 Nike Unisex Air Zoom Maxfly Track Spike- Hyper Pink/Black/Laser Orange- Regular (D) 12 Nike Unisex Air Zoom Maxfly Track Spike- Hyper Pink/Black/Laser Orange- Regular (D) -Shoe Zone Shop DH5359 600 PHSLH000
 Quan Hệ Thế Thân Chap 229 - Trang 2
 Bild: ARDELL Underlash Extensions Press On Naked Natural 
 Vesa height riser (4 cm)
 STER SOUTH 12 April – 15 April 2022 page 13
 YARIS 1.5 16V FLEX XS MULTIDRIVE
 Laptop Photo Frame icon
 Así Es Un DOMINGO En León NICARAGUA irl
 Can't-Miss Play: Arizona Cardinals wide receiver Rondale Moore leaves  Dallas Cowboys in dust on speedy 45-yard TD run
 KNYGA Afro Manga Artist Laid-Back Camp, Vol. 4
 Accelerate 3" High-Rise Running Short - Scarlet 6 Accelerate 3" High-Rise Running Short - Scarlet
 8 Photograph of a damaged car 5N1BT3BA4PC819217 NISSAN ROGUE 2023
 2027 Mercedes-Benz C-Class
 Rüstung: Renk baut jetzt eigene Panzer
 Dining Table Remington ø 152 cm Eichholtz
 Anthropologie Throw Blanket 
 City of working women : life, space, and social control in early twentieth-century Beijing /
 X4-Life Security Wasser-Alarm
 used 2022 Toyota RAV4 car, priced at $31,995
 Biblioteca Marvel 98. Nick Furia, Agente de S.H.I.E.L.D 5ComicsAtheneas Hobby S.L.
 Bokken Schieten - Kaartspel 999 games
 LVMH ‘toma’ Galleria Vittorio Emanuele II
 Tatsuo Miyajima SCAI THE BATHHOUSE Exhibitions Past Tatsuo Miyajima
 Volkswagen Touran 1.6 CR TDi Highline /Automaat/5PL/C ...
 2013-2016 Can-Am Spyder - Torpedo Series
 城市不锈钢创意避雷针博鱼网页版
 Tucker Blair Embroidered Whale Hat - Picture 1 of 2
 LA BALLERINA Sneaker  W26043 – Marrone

■ ■ ■ ■

> Task details:
Of the entries listed above, reproduce only the lines starting at the line containing "Bild: ARDELL Underlash" and ending at the line containing "KNYGA Afro Manga". Include both, exactly as they stand.

> Exercise answer:
 Bild: ARDELL Underlash Extensions Press On Naked Natural 
 Vesa height riser (4 cm)
 STER SOUTH 12 April – 15 April 2022 page 13
 YARIS 1.5 16V FLEX XS MULTIDRIVE
 Laptop Photo Frame icon
 Así Es Un DOMINGO En León NICARAGUA irl
 Can't-Miss Play: Arizona Cardinals wide receiver Rondale Moore leaves  Dallas Cowboys in dust on speedy 45-yard TD run
 KNYGA Afro Manga Artist Laid-Back Camp, Vol. 4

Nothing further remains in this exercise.